Join us on April 7th for a stimulating conversation with three pre-eminent forest and watershed experts — Jerry Franklin, PhD, Julia Jones, PhD and Roger Bales, PhD — to discuss their work understanding how forests function as watersheds and the effects of forest management on that. As we grapple with increasing drought and water uncertainty, managing our forests to restore watershed function and promote water security becomes even more important.
Of all forest services, supplying us with plentiful clear, cool water is perhaps the most important and yet the least rewarded. And, history demonstrates that managing forests for timber as the primary goal has not been good for our water supplies. (In fact, the US Forest Service was formed specifically in response to the devastation of New England forest watersheds in the early 1900s.)

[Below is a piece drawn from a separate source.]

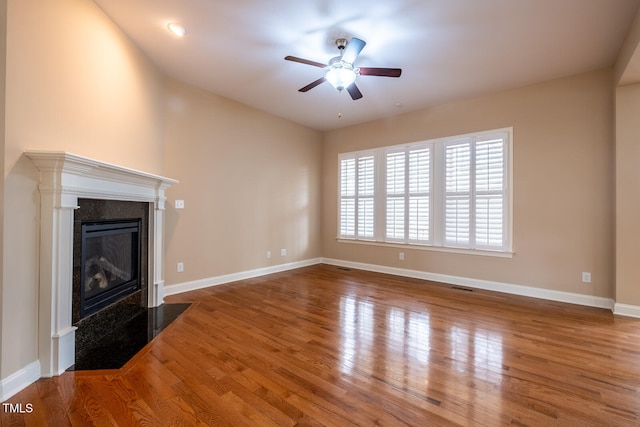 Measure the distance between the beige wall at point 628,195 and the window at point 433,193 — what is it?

While some regulations have been put in place to help mitigate damage to watersheds and forest water services from management focused on timber products, it’s often less clear what we need to do to restore and maintain watershed functions of forests. This webinar will explore how forests regulate water flows naturally, what is not working well today in our western forests, what we can do to manage and maintain forests for their watershed services and how that relates to other forest functions.
More on Our Panelists:
Laurie A. Wayburn
Prior to co-founding Pacific Forest Trust in 1993, Ms. Wayburn worked internationally for 10 years in the United Nations Environment Program and Ecological Sciences Division of UNESCO. She later served as Executive Director of the Point Reyes Bird Observatory and was the Founder and first Coordinator of the Central California Coast Biosphere Reserve. Ms. Wayburn is a graduate of Harvard University and currently serves on the Northwest BioCarbon Initiative Steering Committee, the American Forest Policy Steering Committee, and the Land Trust Alliance Advisory Council.
Dr. Roger Bales
Dr. Bales is Distinguished Professor of Engineering and a founding faculty member at UC Merced, and has been active in water- and climate-related research for over 30 years. His scholarship includes over 160 articles in peer-reviewed journals, and more presentations, book chapters, and reports. Currently, his work focuses on California’s efforts to build the knowledge base and implement policies that adapt our water supplies, critical ecosystems and economy to the impacts of climate warming. He works with leaders in state agencies, elected officials, federal land managers, water leaders, non-governmental organizations, and other key decision makers on developing climate solutions for California. He is a fellow in the American Geophysical Union, the American Meteorological Society, and the American Association for the Advancement of Science. He has been a professor at UC Merced since 2003, an Adjunct Professor of Civil and Environmental Engineering at the UC Berkeley since 2013. Previously, he was a Professor of hydrology at the University of Arizona from 1984 to 2003. He has served as Director of the Sierra Nevada Research Institute, the Southern Sierra Critical Zone Observatory, and the UC Water Security and Sustainability Research Initiative. He is currently co-director of the UC Center for Ecosystem Climate Solutions.
Dr. Jerry F. Franklin
Dr. Franklin is a world-renowned forest ecologist who has been called “the father of new forestry.” He is a professor of ecosystem analysis in the College of Forest Resources at the University of Washington. The only forest ecologist in the American Academy of Arts and Sciences, Dr. Franklin has received the Heinz Award for the Environment, the Eminent Ecologist Award from the Ecological Society of America, the LaRoe Award from the Society for Conservation Biology, and the Pinchot Medallion from the Pinchot Institute for Conservation. A native of Oregon, Dr. Franklin received his B.S. and M.S. in Forest Management from Oregon State University and a Ph.D. in Botany and Soils from Washington State.
Dr. Julia Jones
Dr. Jones is Distinguished Professor of Geography at Oregon State University. She has studied forest management effects on flooding, water yield, low-flows, and rain-on-snow utilizing long-term data on streamflow, climate, and ecology from paired watershed experiments. Much of this work has taken place at the H.J. Andrews Experimental Forest in the Oregon Cascade Mountains and watershed experiments in North and South America. She has worked closely with the U.S. National Science Foundation-sponsored Long-term Ecological Research network. Dr. Jones has authored papers on forest hydrology, hydrology of road interactions with streams, water resources engineering, geomorphology, wood in streams, landscape disturbance, soils, plant invasions, biogeography, plant ecology, ecosystem water use, species distribution modeling, and climate change.